Leaving Los Angeles for the East, we travelled by the Southern Pacific Railway, and plunged almost at a bound, so to speak, from one of the most lovely regions in the world into one of the most dreary and inhospitable.
This is the rightly named Great American Desert. For a thousand miles or so, practically all the way to Santa Fé in New Mexico, the railway runs through a wild and barren country—flat, dreary, and wholly uninteresting. Here and there patches of thorny “mesquite” bush alternate with vast stretches of grey and red sand and dazzling expanses of snow-white alkali. Other vegetation there is none, except that occasionally some gigantic cereus—emblem of barrenness—rears its contorted form into the thin clear air, and at night casts weird shadows athwart the moonlit level.

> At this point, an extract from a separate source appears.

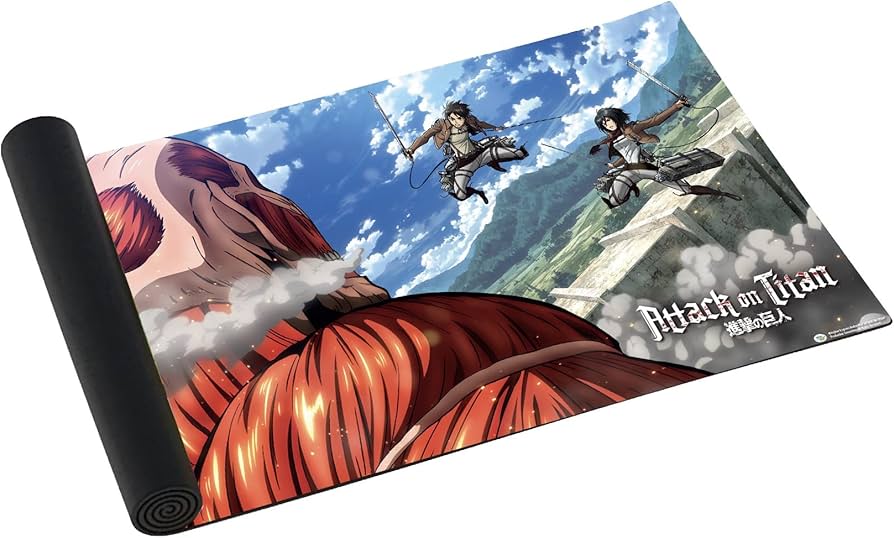 Players Choice Playmat – Attack on Titan -  Kollos Titan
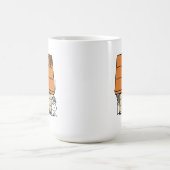 Snoopy Halloween Spider Web Doghouse Kaffeetasse (Mittel)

The first portion of the line, as far as Fort Yuma on the Arizona border, is the worst. For nearly two hundred miles the track runs over what was once in prehistoric times the bed of the Pacific Ocean, and which is now a wilderness of billowy shifting sand, devoid of either animal or vegetable life, and of course totally without permanent inhabitants. The greater portion of this horrible desert is below sea level. It is, as might be expected, entirely destitute of fresh water, and in the old pre-railroad days its ever-changing sand-dunes formed the only graves of many hundreds of poor wretches vainly seeking to reach California by what was then known as the “Southern Trail.”
At Santa Fé, where we arrived at ten o’clock at night after one of the dreariest journeys imaginable, there was a wait of two hours, and I got out of the train to stretch my legs a bit, and strolled down the line, taking with me for company my contortionist, Harry Cardoe. By the side of the track there was a kind of covered-in stall, kept by a Mexican, where liquor of a sort was dispensed, and we turned in for a chat and a drink.
From the proprietor of the shanty we heard that a big railroad strike was in progress, and it was said that the strikers had blown up the line in several places, and were threatening to dynamite the trains. This was lively news, and I thought I might as well return to my car, where were my wife and kiddies; which I did, leaving Cardoe still in conversation with the Mexican.
An hour or more passed, and I was half asleep, when I was aroused by our train being put in motion, and a minute or so later there was a big commotion, and Cardoe, livid, dishevelled, and in a half-fainting condition, came stumbling into the car, and sank, gasping and panting, into the first seat he came to. So exhausted was he that it was full five minutes before we could get anything out of him. Then, when at length recovered his speech, he unfolded the following remarkable story.
It appeared that he had stayed some time after I left, chatting with the Mexican keeper of the grog shop, when he was startled at hearing the warning clangour of a bell, and at the same time he saw a train drawing out of the station, or “depôt,” as the Americans prefer to call it. Imagining it to be our train, he made a bolt for it, and just managed to jump on the rear platform of the last coach, which he presently entered, after a brief pause to recover his breath.